A Copasa concluiu as obras para ampliação e melhoria do sistema de abastecimento de água de Fronteira, cidade turística que fica na mesorregião do Triângulo Mineiro. As intervenções foram iniciadas em março de 2022 e estão avaliadas em R$ 21,5 milhões. Cerca de 18 mil pessoas foram beneficiadas. A mobilização também gerou 70 empregos diretos e indiretos, contribuindo para a movimentação da economia local.

O aporte permitiu à Companhia aprimorar a elevatória de água bruta, bomba responsável por impulsionar a água da captação, realizada na represa Marimbondo até a Estação de Tratamento de Água (ETA); construir uma adutora de 546 metros – rede de grande diâmetro por onde a água captada passa até chegar à ETA; implantar três elevatórias de água tratada – unidades que enviam a água da ETA para os reservatórios; instalar uma nova ETA; colocar em operação três novos reservatórios, sendo um no bairro Distrito Industrial que atenderá esta mesma região, outro que atenderá o bairro Santo Antônio, também conhecido por Lagoa Seca, e mais um no bairro Veraneio. Juntos, essas grandes caixas d’água poderão comportar até 300 mil litros. Ainda foram construídos 28.380 metros de redes de distribuição, que conduzem a água tratada até os imóveis; e instaladas 195 novas ligações – pontos de conexão de casas e prédios às tubulações de fornecimento de água da Copasa.
Júlio Cézar Silva, gerente regional da Copasa, falou sobre os benefícios das intervenções. “Com essas mobilizações, os reservatórios darão suporte aos imóveis por mais tempo, em casos que demandarem a interrupção do fornecimento para execução de alguma manutenção programada ou emergencial, e a normalização do fornecimento ocorre de forma mais célere”, explicou.
Inovações
A nova ETA é fabricada em aço inox, diferente das convencionais, feitas de concreto. Esse material proporciona maior facilidade na manutenção, além de aumento da vida útil do equipamento. Com capacidade para tratar até 57 litros por segundo, este equipamento é responsável por fazer a inserção de microbolhas de ar na água em processo de tratamento, as quais resultam na formação de flocos de resíduos, retirados com a ajuda de aparelhos chamados de raspadores.
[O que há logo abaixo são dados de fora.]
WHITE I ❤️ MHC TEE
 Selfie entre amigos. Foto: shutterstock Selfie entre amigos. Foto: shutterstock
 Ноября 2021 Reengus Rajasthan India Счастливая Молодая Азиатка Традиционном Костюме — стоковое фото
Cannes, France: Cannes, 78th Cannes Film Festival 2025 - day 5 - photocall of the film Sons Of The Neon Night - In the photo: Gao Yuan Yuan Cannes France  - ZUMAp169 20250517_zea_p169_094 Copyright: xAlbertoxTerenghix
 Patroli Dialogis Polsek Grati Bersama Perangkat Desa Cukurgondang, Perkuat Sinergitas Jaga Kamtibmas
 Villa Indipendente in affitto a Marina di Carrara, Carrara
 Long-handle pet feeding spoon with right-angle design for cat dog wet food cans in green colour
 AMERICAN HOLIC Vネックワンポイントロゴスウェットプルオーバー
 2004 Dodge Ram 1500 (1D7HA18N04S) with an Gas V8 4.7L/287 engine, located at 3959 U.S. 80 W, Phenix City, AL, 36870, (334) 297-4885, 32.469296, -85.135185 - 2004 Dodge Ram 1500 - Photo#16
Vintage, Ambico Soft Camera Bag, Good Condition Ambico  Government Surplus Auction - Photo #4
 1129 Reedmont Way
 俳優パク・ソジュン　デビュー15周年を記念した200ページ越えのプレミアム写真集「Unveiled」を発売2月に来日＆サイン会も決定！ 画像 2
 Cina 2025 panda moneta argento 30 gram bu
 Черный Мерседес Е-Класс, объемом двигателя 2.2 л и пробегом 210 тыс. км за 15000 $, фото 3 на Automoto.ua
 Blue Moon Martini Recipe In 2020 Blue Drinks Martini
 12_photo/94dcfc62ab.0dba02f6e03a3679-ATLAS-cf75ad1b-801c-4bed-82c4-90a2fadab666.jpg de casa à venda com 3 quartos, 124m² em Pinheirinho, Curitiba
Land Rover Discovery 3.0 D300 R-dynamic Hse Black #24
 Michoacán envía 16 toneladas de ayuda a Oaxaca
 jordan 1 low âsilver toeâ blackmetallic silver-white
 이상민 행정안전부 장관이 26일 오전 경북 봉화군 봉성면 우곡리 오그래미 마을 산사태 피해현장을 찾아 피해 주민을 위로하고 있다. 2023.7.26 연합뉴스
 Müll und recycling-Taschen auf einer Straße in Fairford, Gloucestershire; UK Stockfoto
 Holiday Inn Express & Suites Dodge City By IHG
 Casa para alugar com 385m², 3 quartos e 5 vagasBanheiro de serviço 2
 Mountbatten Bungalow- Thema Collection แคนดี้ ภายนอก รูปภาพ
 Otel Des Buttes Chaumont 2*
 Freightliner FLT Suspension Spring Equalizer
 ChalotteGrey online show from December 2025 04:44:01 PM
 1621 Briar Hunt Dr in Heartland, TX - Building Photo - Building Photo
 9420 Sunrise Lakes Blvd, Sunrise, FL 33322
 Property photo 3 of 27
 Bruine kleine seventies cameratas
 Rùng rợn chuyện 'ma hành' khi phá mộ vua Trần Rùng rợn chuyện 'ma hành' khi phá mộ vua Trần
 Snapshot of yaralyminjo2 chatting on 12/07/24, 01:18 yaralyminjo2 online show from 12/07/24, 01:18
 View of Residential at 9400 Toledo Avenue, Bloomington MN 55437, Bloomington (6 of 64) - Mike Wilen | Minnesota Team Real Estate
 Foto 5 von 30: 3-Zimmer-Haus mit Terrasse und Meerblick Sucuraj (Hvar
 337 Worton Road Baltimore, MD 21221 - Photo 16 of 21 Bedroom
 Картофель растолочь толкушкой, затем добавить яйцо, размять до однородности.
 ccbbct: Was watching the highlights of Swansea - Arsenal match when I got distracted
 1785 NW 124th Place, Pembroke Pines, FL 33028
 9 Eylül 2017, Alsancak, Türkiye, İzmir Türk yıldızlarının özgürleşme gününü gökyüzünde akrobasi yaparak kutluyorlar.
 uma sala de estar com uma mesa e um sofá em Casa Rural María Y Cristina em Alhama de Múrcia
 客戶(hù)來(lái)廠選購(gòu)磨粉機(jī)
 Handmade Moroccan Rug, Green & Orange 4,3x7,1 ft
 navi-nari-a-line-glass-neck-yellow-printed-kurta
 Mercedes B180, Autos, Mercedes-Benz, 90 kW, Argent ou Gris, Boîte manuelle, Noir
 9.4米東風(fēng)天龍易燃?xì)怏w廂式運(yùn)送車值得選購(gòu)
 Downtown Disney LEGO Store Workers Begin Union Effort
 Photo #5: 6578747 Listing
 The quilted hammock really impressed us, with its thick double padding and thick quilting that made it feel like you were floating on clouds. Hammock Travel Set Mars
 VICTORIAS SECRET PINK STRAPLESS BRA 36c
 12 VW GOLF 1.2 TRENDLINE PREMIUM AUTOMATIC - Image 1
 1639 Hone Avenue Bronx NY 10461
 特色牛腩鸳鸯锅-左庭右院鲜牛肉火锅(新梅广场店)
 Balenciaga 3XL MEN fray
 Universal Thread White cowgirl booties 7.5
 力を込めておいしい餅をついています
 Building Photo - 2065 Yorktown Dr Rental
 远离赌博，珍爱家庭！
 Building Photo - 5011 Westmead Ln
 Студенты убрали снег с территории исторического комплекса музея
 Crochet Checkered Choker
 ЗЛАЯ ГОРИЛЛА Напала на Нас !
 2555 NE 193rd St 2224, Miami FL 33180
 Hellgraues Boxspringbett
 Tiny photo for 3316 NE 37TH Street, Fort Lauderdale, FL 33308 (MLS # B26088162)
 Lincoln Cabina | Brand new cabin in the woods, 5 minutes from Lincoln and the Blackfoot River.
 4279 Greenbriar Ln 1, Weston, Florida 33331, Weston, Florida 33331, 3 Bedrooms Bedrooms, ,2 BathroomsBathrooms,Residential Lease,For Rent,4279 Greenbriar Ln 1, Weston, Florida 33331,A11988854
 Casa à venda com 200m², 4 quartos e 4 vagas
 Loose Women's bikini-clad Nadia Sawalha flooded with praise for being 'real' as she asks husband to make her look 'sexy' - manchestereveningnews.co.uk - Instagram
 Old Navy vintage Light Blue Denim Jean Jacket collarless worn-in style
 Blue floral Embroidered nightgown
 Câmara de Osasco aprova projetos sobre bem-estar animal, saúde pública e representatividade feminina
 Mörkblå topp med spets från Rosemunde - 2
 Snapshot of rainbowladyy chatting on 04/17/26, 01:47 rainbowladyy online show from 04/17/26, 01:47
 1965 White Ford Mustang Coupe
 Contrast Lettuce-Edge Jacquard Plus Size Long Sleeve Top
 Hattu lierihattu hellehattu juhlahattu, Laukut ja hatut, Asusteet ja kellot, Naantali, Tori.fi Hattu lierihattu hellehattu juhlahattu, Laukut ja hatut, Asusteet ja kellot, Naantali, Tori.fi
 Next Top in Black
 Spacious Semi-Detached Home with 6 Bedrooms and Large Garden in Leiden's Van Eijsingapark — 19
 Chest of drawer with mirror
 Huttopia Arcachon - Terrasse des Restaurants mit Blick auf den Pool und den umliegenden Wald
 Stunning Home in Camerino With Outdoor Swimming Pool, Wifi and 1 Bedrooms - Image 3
Natália Silva, gerente de projetos responsável pela obra, contou as vantagens da novidade. “Esse processo aumenta a eficiência do tratamento, especialmente em relação às algas existentes da lagoa da usina Maribondo, onde a água é captada. Além disso, diminui significantemente o consumo de água para lavagem dos filtros, uma vez que o processo de flotação diminui a quantidade de resíduos que vão para a etapa de filtragem, resultando em menor necessidade de higienização”, pontuou.
Em Fronteira, ao chegar na ETA, a água recebe a adição de produtos para eliminação de microrganismos. Depois, segue pelo novo equipamento floculador. Na sequência, ela é filtrada e, por último, recebe o cloro e o ácido fluossilícico para garantir sua qualidade antes que seja distribuída à população.